Action item> At the line with "私人订制性感女神 Carol周妍希 性感蓝色旗袍御姐气息满屏穿透力让人无法抵御[72P/132M]", start repeating the data, and continue line by line through the final line, exactly.

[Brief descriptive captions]
★ ★ ★ ★ ★

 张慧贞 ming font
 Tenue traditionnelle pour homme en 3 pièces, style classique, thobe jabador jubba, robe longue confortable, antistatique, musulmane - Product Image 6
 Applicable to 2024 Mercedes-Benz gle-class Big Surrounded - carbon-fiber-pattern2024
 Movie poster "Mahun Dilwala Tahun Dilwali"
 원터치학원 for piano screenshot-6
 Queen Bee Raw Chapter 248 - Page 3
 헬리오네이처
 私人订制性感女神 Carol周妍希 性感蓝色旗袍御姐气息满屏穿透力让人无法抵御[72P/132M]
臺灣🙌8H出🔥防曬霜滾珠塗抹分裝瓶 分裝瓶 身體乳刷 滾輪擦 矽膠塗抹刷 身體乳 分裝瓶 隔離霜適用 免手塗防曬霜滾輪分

★ ★ ★ ★ ★

Result for this task>
 私人订制性感女神 Carol周妍希 性感蓝色旗袍御姐气息满屏穿透力让人无法抵御[72P/132M]
臺灣🙌8H出🔥防曬霜滾珠塗抹分裝瓶 分裝瓶 身體乳刷 滾輪擦 矽膠塗抹刷 身體乳 分裝瓶 隔離霜適用 免手塗防曬霜滾輪分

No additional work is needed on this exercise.